◆ Exercise description
Your task is to return the span of lines beginning at the one with "Tiger Animal Hoodie" and ending at the last line of the data, exactly as it stands.

Records from a dataset
☆ ☆ ☆ ☆ ☆

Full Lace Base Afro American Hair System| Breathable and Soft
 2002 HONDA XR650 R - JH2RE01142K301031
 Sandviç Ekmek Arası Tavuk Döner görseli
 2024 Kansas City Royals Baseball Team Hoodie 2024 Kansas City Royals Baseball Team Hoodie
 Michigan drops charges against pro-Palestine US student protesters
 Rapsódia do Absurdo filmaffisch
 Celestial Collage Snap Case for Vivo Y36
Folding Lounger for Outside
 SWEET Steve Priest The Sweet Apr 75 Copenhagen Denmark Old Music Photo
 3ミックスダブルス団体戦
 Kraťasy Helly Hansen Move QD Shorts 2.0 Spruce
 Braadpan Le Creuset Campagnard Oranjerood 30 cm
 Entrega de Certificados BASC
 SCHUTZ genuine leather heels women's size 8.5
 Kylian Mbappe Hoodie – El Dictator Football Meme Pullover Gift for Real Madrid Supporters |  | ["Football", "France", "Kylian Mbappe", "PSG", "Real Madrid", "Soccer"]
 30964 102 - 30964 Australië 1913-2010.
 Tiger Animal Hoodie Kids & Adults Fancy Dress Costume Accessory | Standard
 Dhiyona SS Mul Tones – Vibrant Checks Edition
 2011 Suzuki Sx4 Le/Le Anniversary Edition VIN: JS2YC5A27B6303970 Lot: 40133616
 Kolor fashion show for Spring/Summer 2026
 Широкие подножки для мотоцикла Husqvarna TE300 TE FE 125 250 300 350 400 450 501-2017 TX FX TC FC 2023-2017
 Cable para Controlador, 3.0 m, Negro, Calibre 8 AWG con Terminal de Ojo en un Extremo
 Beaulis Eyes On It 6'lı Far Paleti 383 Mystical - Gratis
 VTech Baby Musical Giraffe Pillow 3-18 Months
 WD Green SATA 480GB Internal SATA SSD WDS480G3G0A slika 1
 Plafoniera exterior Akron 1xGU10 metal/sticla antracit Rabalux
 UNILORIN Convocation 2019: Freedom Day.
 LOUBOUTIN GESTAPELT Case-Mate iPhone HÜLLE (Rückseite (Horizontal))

☆ ☆ ☆ ☆ ☆

◆ Your solution
 Tiger Animal Hoodie Kids & Adults Fancy Dress Costume Accessory | Standard
 Dhiyona SS Mul Tones – Vibrant Checks Edition
 2011 Suzuki Sx4 Le/Le Anniversary Edition VIN: JS2YC5A27B6303970 Lot: 40133616
 Kolor fashion show for Spring/Summer 2026
 Широкие подножки для мотоцикла Husqvarna TE300 TE FE 125 250 300 350 400 450 501-2017 TX FX TC FC 2023-2017
 Cable para Controlador, 3.0 m, Negro, Calibre 8 AWG con Terminal de Ojo en un Extremo
 Beaulis Eyes On It 6'lı Far Paleti 383 Mystical - Gratis
 VTech Baby Musical Giraffe Pillow 3-18 Months
 WD Green SATA 480GB Internal SATA SSD WDS480G3G0A slika 1
 Plafoniera exterior Akron 1xGU10 metal/sticla antracit Rabalux
 UNILORIN Convocation 2019: Freedom Day.
 LOUBOUTIN GESTAPELT Case-Mate iPhone HÜLLE (Rückseite (Horizontal))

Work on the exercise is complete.